AMD: R8xx Speculation

ShaidarHaran · Oct 22, 2008

Kaotik said:
Yep, excluding the "SuperAA" mode where both cores render the same frames completely

Which makes for some awesome eye candy, btw. 14x AA is purty

One of the few benefits of CF when I was running it. Early adoption sucks for the most part. X1900 XTX CF sure looked good, but man was it buggy.

Shtal · Oct 25, 2008

Here's the break down: the GPU is going to be a 40nm part. It's going to have 1/4 (or +%25) more shaders compared to the HD 4870. The theoretical computational horsepower is going up to 1.5 TFLOPS, which is pretty insane (the HD 4870 has about 1 TFLOP.)

The GPU will be very tiny. The die is supposedly 205 mm². Compare this to the RV770 being 256 mm², and the GTX 280 being a big 576 mm².

ATI looks like it'll stick with GDDR5 memory, tied to a 512 bit memory interface. The source pins the memory bandwidth at 150-160 GB/s, which seems completely reasonable.

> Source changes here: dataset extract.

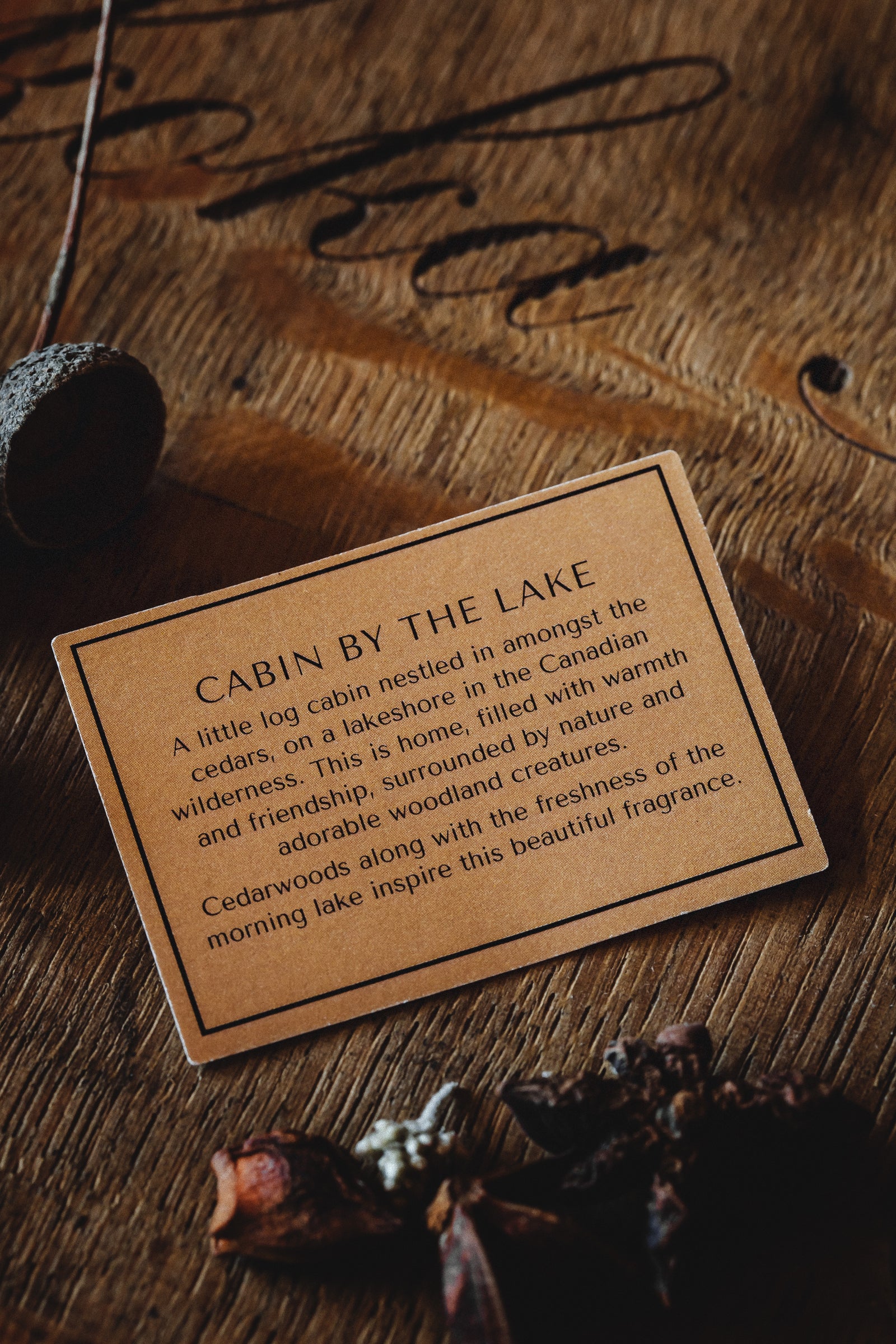 “Cabin By The Lake” - NORTH AMERICAN STORYBOARD CANDLE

And here is where things get really interesting. The HD 5870 supposedly uses some sort of cooling that ATI hasn't tried before.

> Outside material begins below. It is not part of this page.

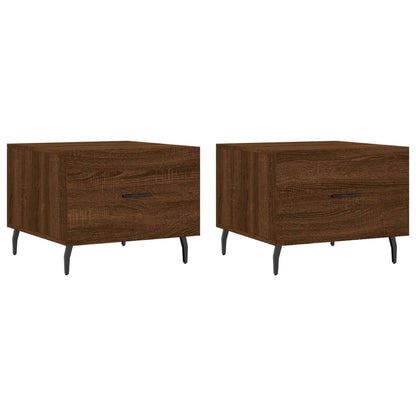 Couchtische 2 Stk. Braun Eichen-Optik 50x50x40 cm Holzwerkstoff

And thanks in part to the small size of the GPU, the HD 5870 X2 is going not have two seperate GPU's -- instead it will be two RV770 cores stacked on top of each other, sort of like Pentium-D style.

hmmm....

-----------------------------------
http://www.neoseeker.com/news/9078-ati-hd5870-rumors-1-5-tflops-40nm-1000-shaders-and-multi-core-/

Arun · Oct 25, 2008

That article implies this new GPU would have the same clock speeds as the HD 4870 (since 1.2*1.25 = 1.5); therefore, it is clueless speculation. Maybe the rest is somehow correct, but I'm more than a little bit skeptical.

hoom · Oct 25, 2008

So many things impossible there.

Acert93 · Oct 25, 2008

Stacked chips and a 512bit memory bus at 205mm^2--welcome to the distant, and I mean distant, future!

nutball · Oct 25, 2008

They forgot the eDRAM.

Arun · Oct 25, 2008

Joshua Luna said:
Stacked chips and a 512bit memory bus at 205mm^2--welcome to the distant, and I mean distant, future!

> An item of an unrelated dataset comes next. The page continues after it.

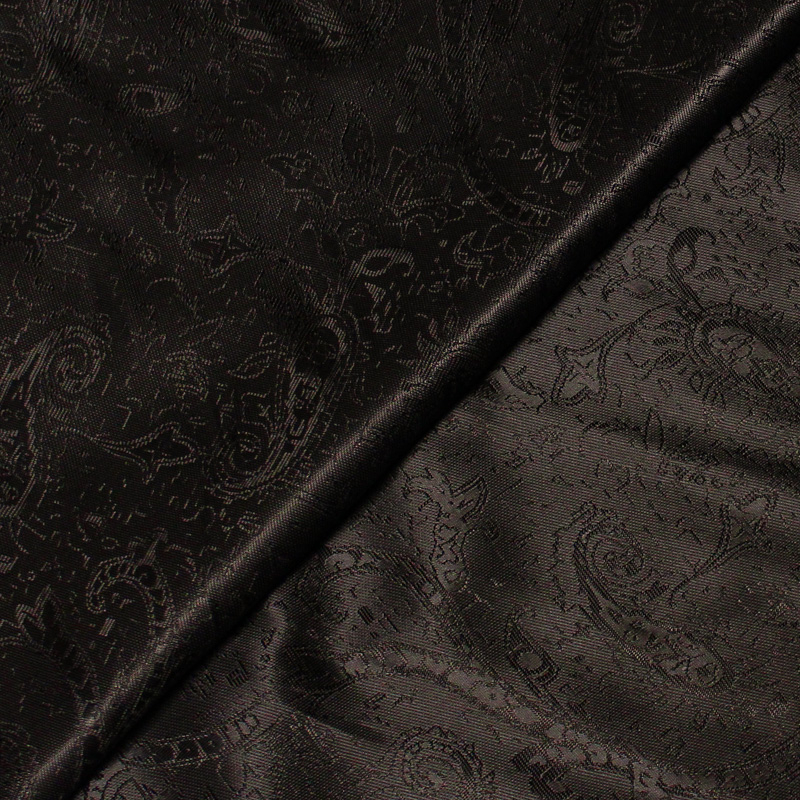 Doublure jacquard - Cachemire marron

Actually, they're just being dumb, they probably heard "Pentium-D" style and concluded that on their own; however Intel uses MCMs (two chips next to each other on the same package), not SiPs. Not that it matters since this all sounds like so much bullshit.

fehu · Oct 25, 2008

maybe this is only amd's fud made only to confuse people and nvidia, like they done for the 4800

Jawed · Oct 25, 2008

Hmm, this is kinda interesting. Remember how R600 was intended to be only a moderate performance improvement over R580? This "rumour" seems to suggest that the D3D10.1->11 transition (if this is truly D3D11) is going to cause the same kind of mediocre increase in performance.

I could believe "R800" is an MCM with two RV870's, amounting to a 512-bit bus. Well, I've long wanted to believe such a device was coming, so...

150-160GB/s is certainly not reasonable, though, for a 512-bit GDDR5 configuration. EDIT for 1.2GHz GDDR5 and a 256-bit bus that would be reasonable though, 30%+ more bandwidth than HD4870.

Jawed

fellix · Oct 25, 2008

That "1/4 (or +%25)" notion probably means 48 TMU design (960 ALUs), which in this case is more like 20% up?

CarstenS · Oct 25, 2008

They could go with RV730-style SIMDs at 40ish increments, couldn't they?

fellix · Oct 25, 2008

Reducing the ALU:TEX ratio? No way!

CarstenS · Oct 25, 2008

Makes you wonder why they did it for a very price sensitive chip like RV730 in the first place, doesn't it?

fellix · Oct 25, 2008

Yeah, tell me about it!

The cut-down follow ups are always screwed this way.

Jawed · Oct 25, 2008

The lower end chips are supposed to support lower-quality rendering, which is supposed to be less math, less AF, less AA. Or, significantly lower resolutions for the same quality of rendering.

RV730, HD4670, has the following percentages of HD4870:

math - 40%
texturing - 80%
fillrate - 50%
bandwidth - 28%

In HD4870 math amounts to ~30% of the die, with texturing accounting for ~10% (excluding L2 cache). Fillrate/bandwidth aren't easy to separate but amount to ~50% of the die (including L2 cache) - presuming that about 10% goes to things like the hub, CrossFireX sideport, control processor etc.

The memory bus is a major determinant of overall die size, simply due to pad density, so lowering the pad count makes a dramatic difference to die cost. Anyone have any idea what's the smallest GPU die so far with a 128-bit bus?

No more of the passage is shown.